GAAP net income in the first quarter of 2012 was $15.1 million or 8 cents per share compared with a net income of $34 million or 19 cents per share in the prior-year quarter. However, adjusted (excluding special items) EPS in the reported quarter was 12 cents, missing the Zacks Consensus Estimate of 14 cents.
Total revenue in the first quarter of 2012 was $367.5 million, up 7% year over year, but well below the Zacks Consensus Estimate of $373 million. Segment wise, UC Group Systems revenue was $240 million, up 5% year over year. UC Personal Devices revenue was $67 million, up 8% year over year. UC Platform (Network Infrastructure) revenue was $60 million, up 12% year over year.
Geographic Distribution of Sales
In the first quarter of 2012, the American region generated approximately $179 million of revenue, up 2% year over year. Europe, Middle East, and Africa generated $100 million, up 16% year over year. Asia Pacific region accounted for the remaining $88 million, up 7% year over year.
Gross margin in the reported quarter was 60% compared with 58.7% in the year-ago quarter. Operating expenses in the first quarter were $195.6 million, up 15.4% year over year. Quarterly operating margin was 5.4% compared with 10.5% in the year-ago quarter.

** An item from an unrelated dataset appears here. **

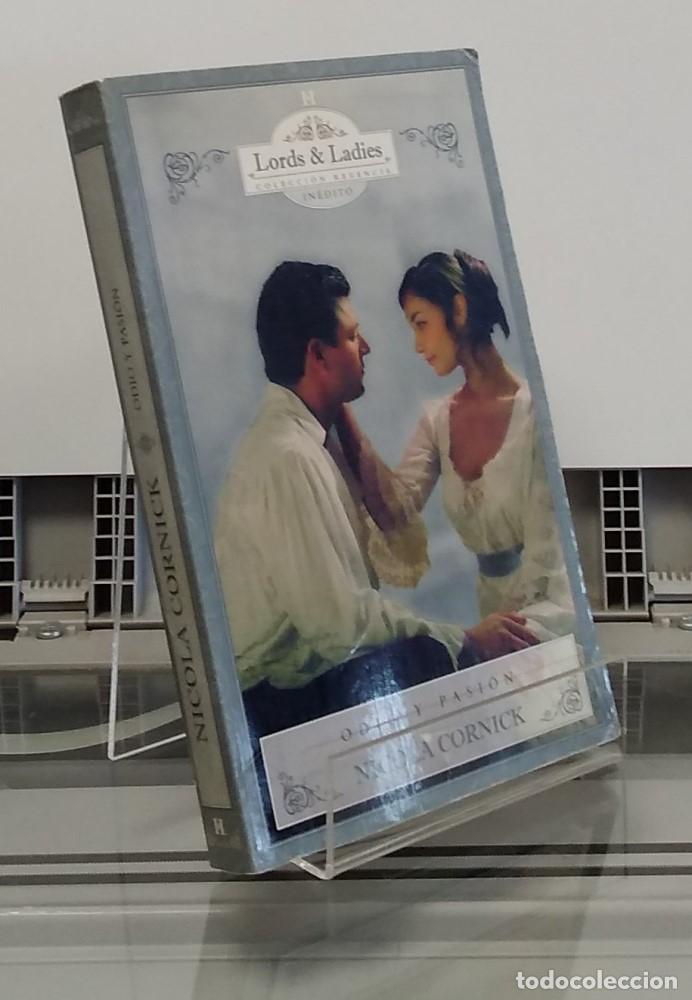 Libros: Odio y pasi&oacute;n - Nicola Cornick - Foto 1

At the end of the first quarter of fiscal 2012, Polycom had nearly $618 million of cash & investments and no outstanding debt on its balance sheet compared with $591.6 million of cash & investments and no outstanding debt at the end of fiscal 2011.

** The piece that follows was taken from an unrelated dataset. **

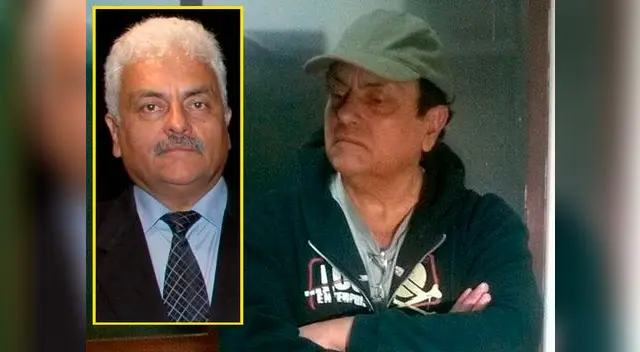 El look de Benedicto Jiménez al momento de su captura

During the first quarter of fiscal 2012, cash flow from operations was over $32 million compared with $45.6 million in the prior-year quarter. Free cash flow (cash flow from operation less capital expenditure) in the previous quarter was $16.2 million compared with nearly $30.8 million in the year-ago quarter.
Near Term Concerns
Currently, major concern for Polycom is its lukewarm performance in the most important North American regions. The company is significantly suffering in this region for the last couple of quarters, mainly due to poor execution problems of marketing and sales. Management has done several restructurings, which are yet to generate fruitful results. The problem seems to be double-edged (1) growing competitive pressure and (2) precipitous macro-economic fluctuations, resulting in volatile tech spending.
Competition Looms Large
The uniform collaborative communications market is fiercely competitive resulting in cut-throat pricing strategy. Cisco Systems Inc. ( ">CSCO ) became the major player after its acquisition of Tandberg TV. New players such as Logitech International S.A. (LOGI - Free Report) and Microsoft Corp. (MSFT - Free Report) , despite being a partner of Polycom, make the competitive landscape more intense.

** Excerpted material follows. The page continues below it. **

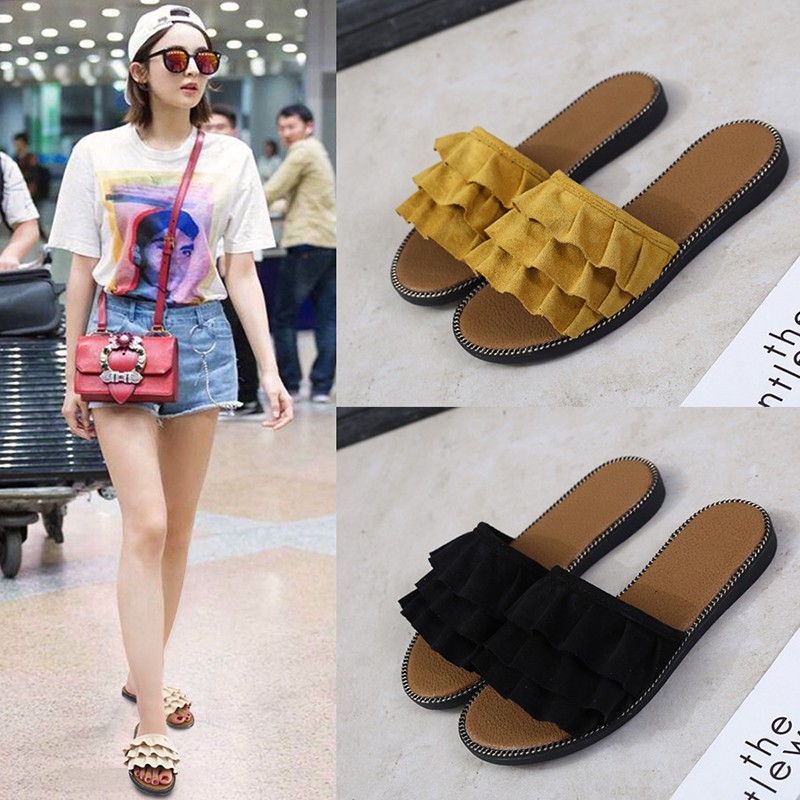 sandal selop skechers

Logitech entered into video conferencing market through the purchase of LifeSize Communications Inc. Further, Logitech acquired Italian firm Mirial, a leading videoconferencing solution provider to offer video-calling on tablets and other mobile handhelds. Microsoft has acquired Skype, a leading developer of free video-calling software for PCs and other digital devices. Acquisition of Skype will enable Microsoft to offer videoconferencing from desktop computers.
As of now, Polycom remains the only pure play unified collaborative solutions provider.The company stands to gain as enterprises, governments, and educational institutions increasingly recognize the productivity-enhancing benefits of video conferencing. We thus maintain our long-term Neutral recommendation on Polycom. Currently, it holds a short-term Zacks #3 Rank (Hold) on the stock.